It is easy enough to get an argument about the cost of using a marketplace such as the Apple App Store, Etsy or Uber. When Apple takes 15 percent to 30 percent of a sale, it can seem unfair to the seller. Uber’s take, said to be up to 50 percent in some cases, can seem usurious.
But distribution, the roles in a value chain that move products or services from manufacturer to buyer, have a definite cost.
And for some of us, a market maker or marketplace represents the cost of distribution. Seen that way, perhaps 30 percent is not unreasonable.
Market makers, platforms and distributors all move goods between buyers and sellers.
A traditional distributor such as Sysco or McKesson buys products, stores them, transports them, and resells them.
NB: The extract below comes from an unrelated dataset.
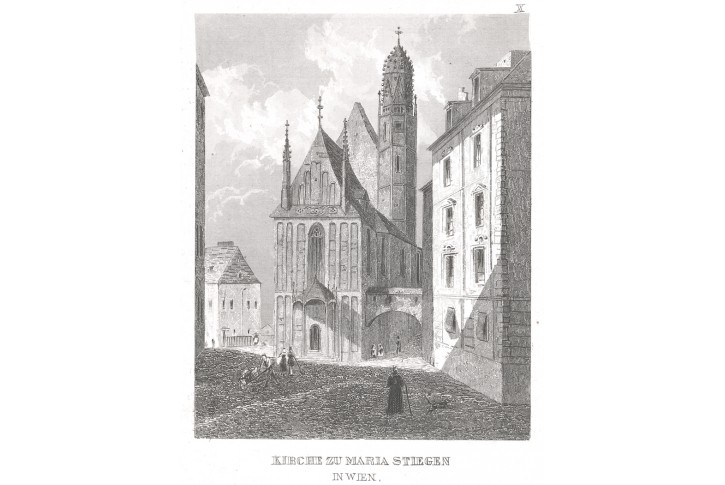 Wien Maria Stiegen, oceloryt, 1840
A platform such as Uber, eBay, or Etsy generally does not own the underlying goods or services. Instead it creates a market, establishes trust, handles payments, provides discovery, and charges a fee.
The point is that platforms, market makers and distribution networks provide a similar function.
From a value-chain perspective, both perform an intermediation function:
"How do products get from factory to customer?"
"How do buyers find sellers and transact safely?"
Both reduce search costs, transaction costs, and coordination costs.
The major innovation of digital marketplaces is that they perform many distribution functions without taking inventory ownership.
One could argue that Uber is a "virtual distributor" of transportation services, while eBay and Etsy are "virtual distributors" of goods.
So distribution represents a necessary part of any retail value chain.
Research from the Reserve Bank of Australia found that for retail goods, roughly half of the final retail price reflects wholesale and retail distribution margins and costs.
But distributor profits themselves were less than 10 percent of final sale price.
Digital marketplaces usually charge commissions ("take rates") rather than earning resale margins.
Looked at that way, take rates or distribution costs are quite similar.
In economic terms, platforms replace physical intermediation with information intermediation.
So we move from:
Manufacturer → Distributor → Retailer → Consumer
to:
Producer → Marketplace → Consumer.
As a result, a 10 percent to 20 percent marketplace fee can sometimes replace a traditional channel structure that consumed 30 percent to 50 percent of the final selling price.
In other words, a 30-percent take rate for sellers on a platform or marketplace might seem out of line, but might not actually be usurious.